Record set:
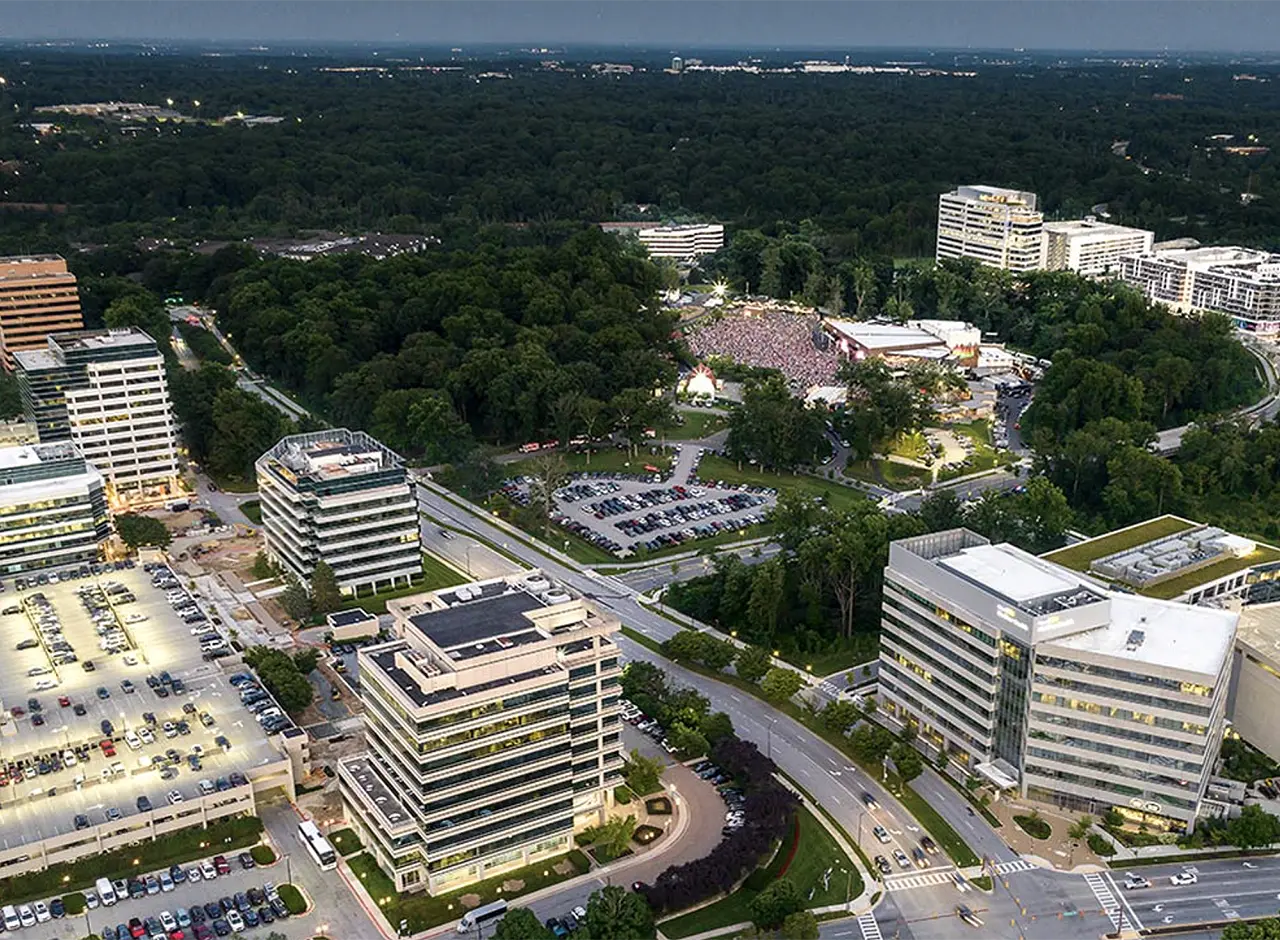 Merriweather Row in Downtown Columbia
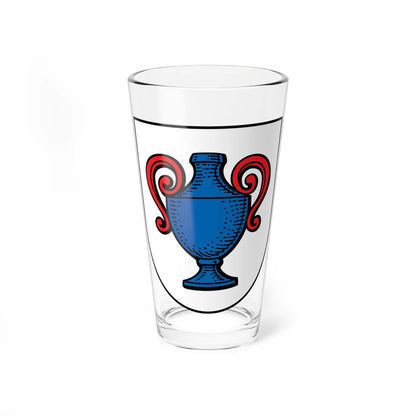DEU Charlottenberg COA (Germany) (Coat of Arms) Pint Glass 16oz 16oz - Go Mug Yourself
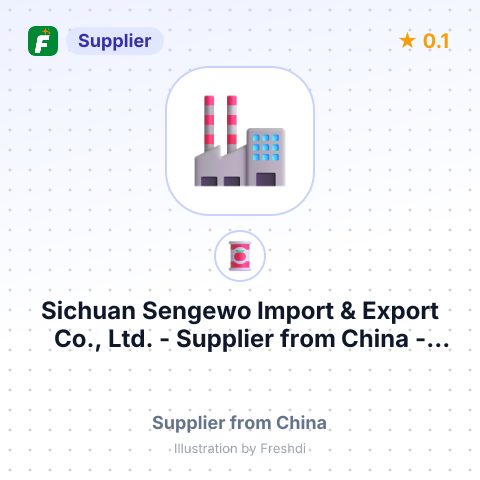 Sichuan Sengewo Import & Export Co., Ltd.  – summary card, no photo uploaded yet
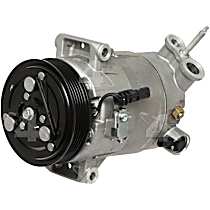 A/C Compressor, with CVC Compressor, With Clutch, 5-Groove Pulley, 2.5L 4Cyl, 4-Seasons A/C Compressor - 
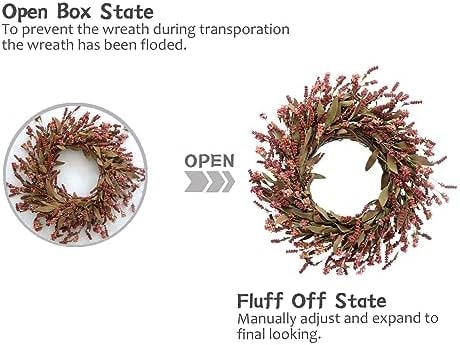 20-Inch Fall Artificial Flower String Wreath - Photo 4
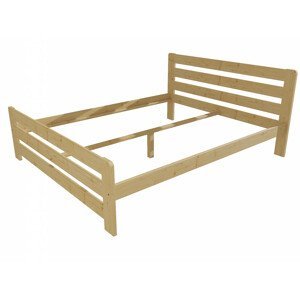 Manželská postel VMK001D masiv borovice (Rozměr: 120 x 200 cm, Barva dřeva: bezbarvý lak)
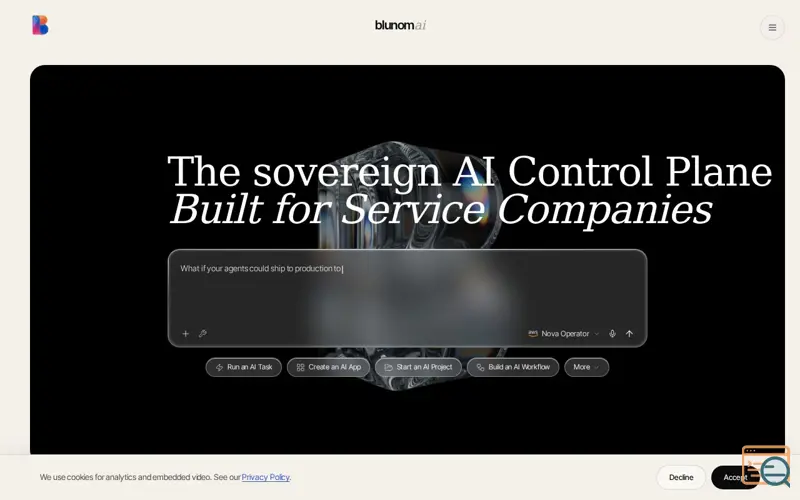 Screenshot of Blunom AI Launch!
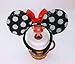 WLFY Mickey Mouse Minnie Mouse Sequin Ears Headbands Butterfly Glitter Hairband Girls Party Supplies (White dot black red bow)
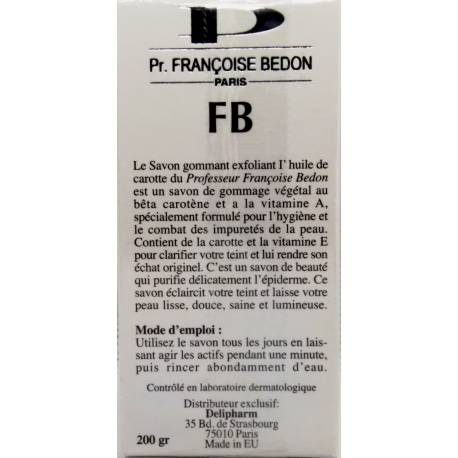 Pr. Françoise Bedon Paris Carotte Savon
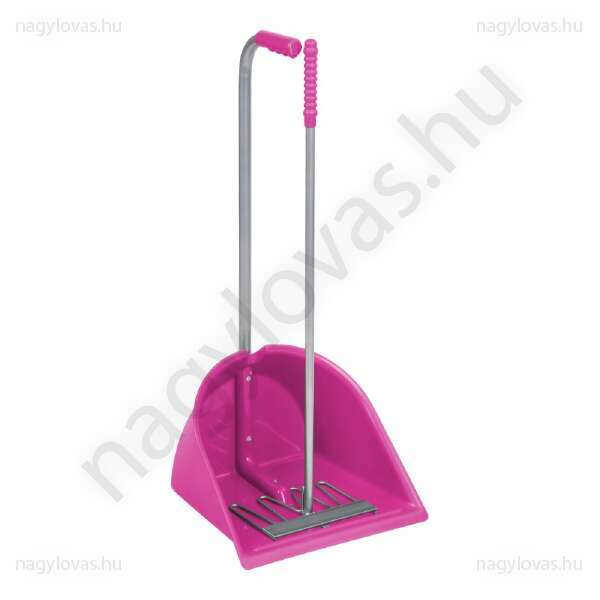 Trágyaszedő lapát gereblyével 90cm pink
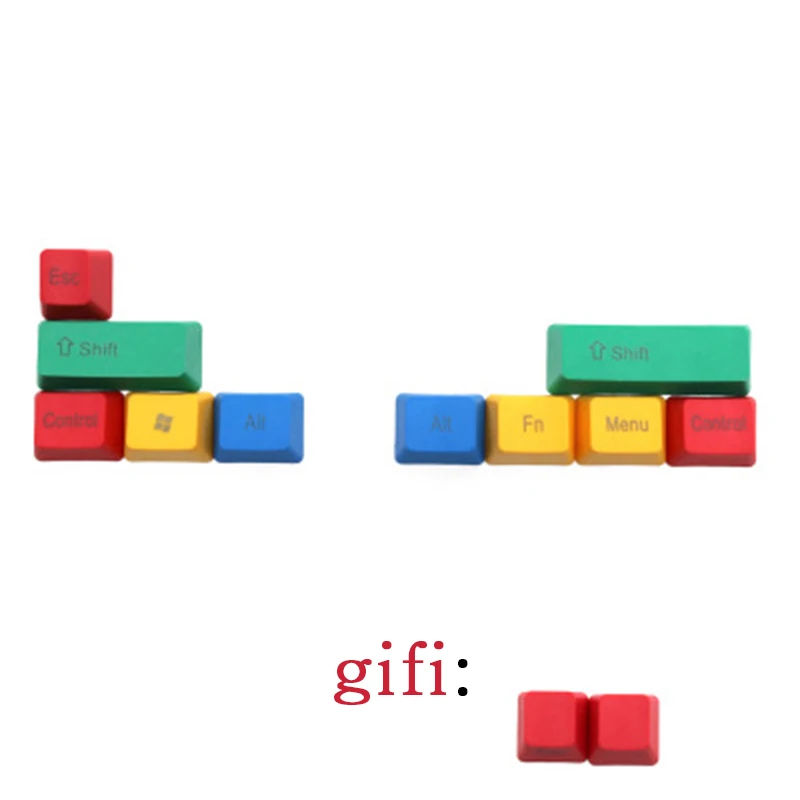 

RGBY Keycap For Cherry MX Keyboard Switch OEM Profile KeyCaps US Layout Keycaps Translucent Clear Key Caps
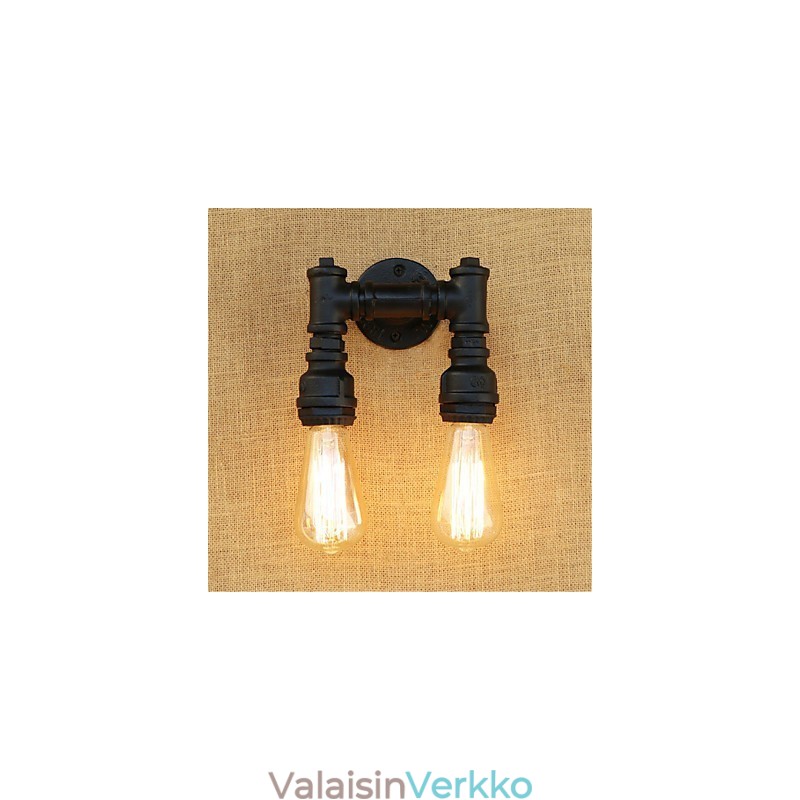 Rustic Lodge Country Retro Painting Feature Mini Style Ambient Light -seinävalaisimiin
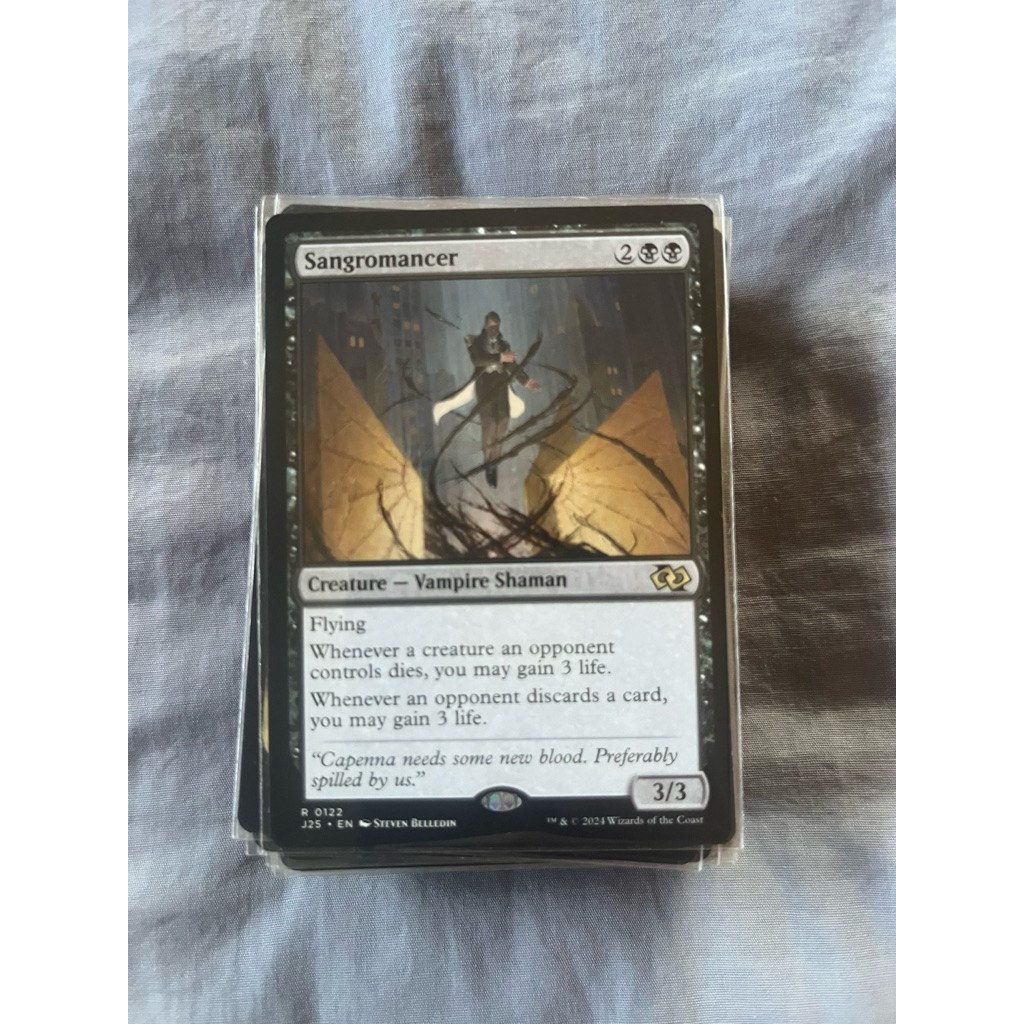 การ์ด MTG Sangromancer Black Magic the Gathering EDH รุ่น สภาพ Ex-Nm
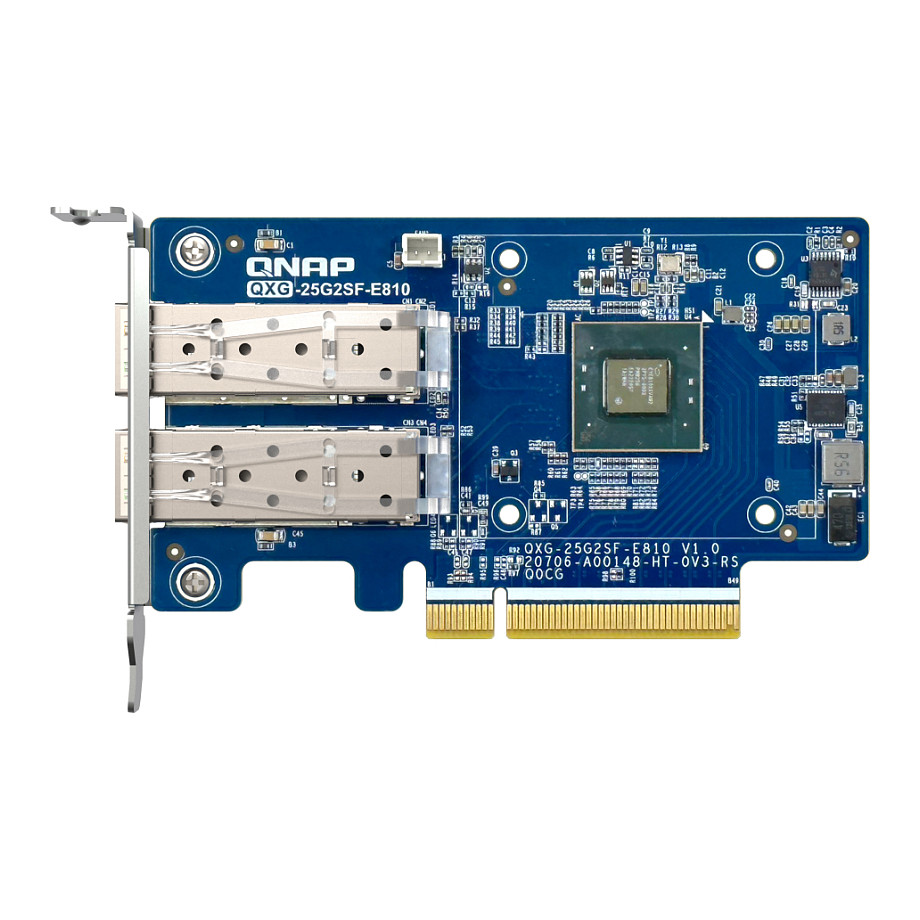 Mrežna kartica QNAP QXG-25G2SF-E810 25GbE dual port (PCIe Gen4, 2 x SFP28, Intel E810-XXVAM2)-13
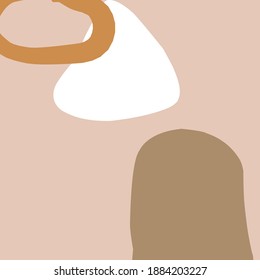 Minimal square backgrounds with organic abstract shapes and pastel colors, perfect for stationery, branding, invitations, cards, posters, prints, mood boards, social media posts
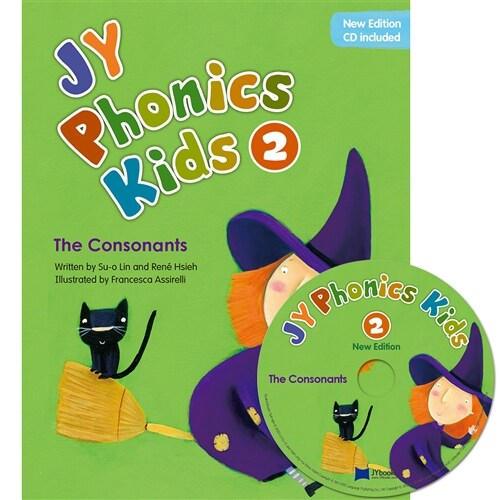 [중고] NEW JY Phonics Kids 2 (Student Book + CD)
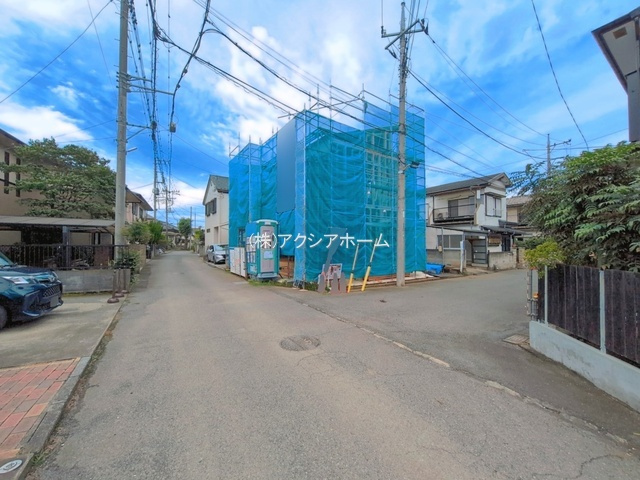 所沢市下安松・全1棟　新築一戸建　～長く安心して住める住宅～の前面道路含む現地写真|現地写真（2026年8月28日撮影）
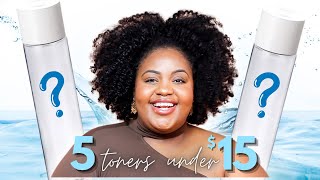 TOP FIVE Hydrating Toners for ALL Skin Types  Under 15  PERFECT FOR EVERY SEASON [upl. by Einalem998]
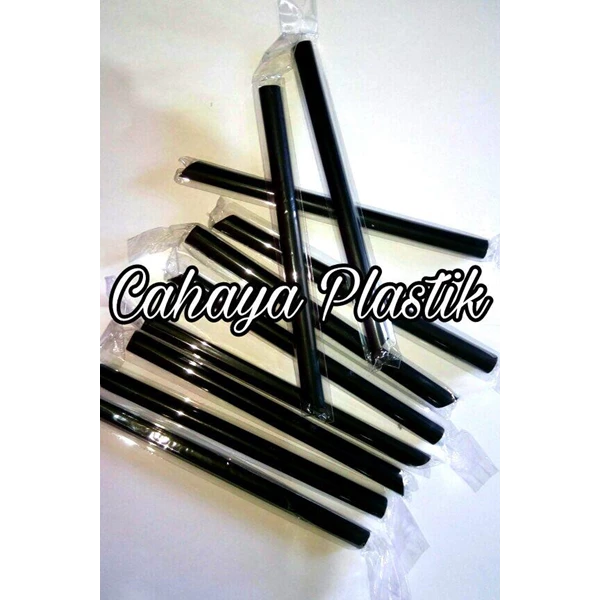 Black Bubble Plastic Straw Wrap ( Width 12 mm Height 15 cm)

How to complete this task: Once the images are removed, print the remaining data exactly as it appears above.

Worked solution:
 Merriweather Row in Downtown Columbia
DEU Charlottenberg COA (Germany) (Coat of Arms) Pint Glass 16oz 16oz - Go Mug Yourself
 Sichuan Sengewo Import & Export Co., Ltd.  – summary card, no photo uploaded yet
 A/C Compressor, with CVC Compressor, With Clutch, 5-Groove Pulley, 2.5L 4Cyl, 4-Seasons A/C Compressor - 
 20-Inch Fall Artificial Flower String Wreath - Photo 4
 Manželská postel VMK001D masiv borovice (Rozměr: 120 x 200 cm, Barva dřeva: bezbarvý lak)
 Screenshot of Blunom AI Launch!
 WLFY Mickey Mouse Minnie Mouse Sequin Ears Headbands Butterfly Glitter Hairband Girls Party Supplies (White dot black red bow)
 Pr. Françoise Bedon Paris Carotte Savon
 Trágyaszedő lapát gereblyével 90cm pink

RGBY Keycap For Cherry MX Keyboard Switch OEM Profile KeyCaps US Layout Keycaps Translucent Clear Key Caps
 Rustic Lodge Country Retro Painting Feature Mini Style Ambient Light -seinävalaisimiin
 การ์ด MTG Sangromancer Black Magic the Gathering EDH รุ่น สภาพ Ex-Nm
 Mrežna kartica QNAP QXG-25G2SF-E810 25GbE dual port (PCIe Gen4, 2 x SFP28, Intel E810-XXVAM2)-13
 Minimal square backgrounds with organic abstract shapes and pastel colors, perfect for stationery, branding, invitations, cards, posters, prints, mood boards, social media posts
 [중고] NEW JY Phonics Kids 2 (Student Book + CD)
 所沢市下安松・全1棟　新築一戸建　～長く安心して住める住宅～の前面道路含む現地写真|現地写真（2026年8月28日撮影）
 TOP FIVE Hydrating Toners for ALL Skin Types  Under 15  PERFECT FOR EVERY SEASON [upl. by Einalem998]
 Black Bubble Plastic Straw Wrap ( Width 12 mm Height 15 cm)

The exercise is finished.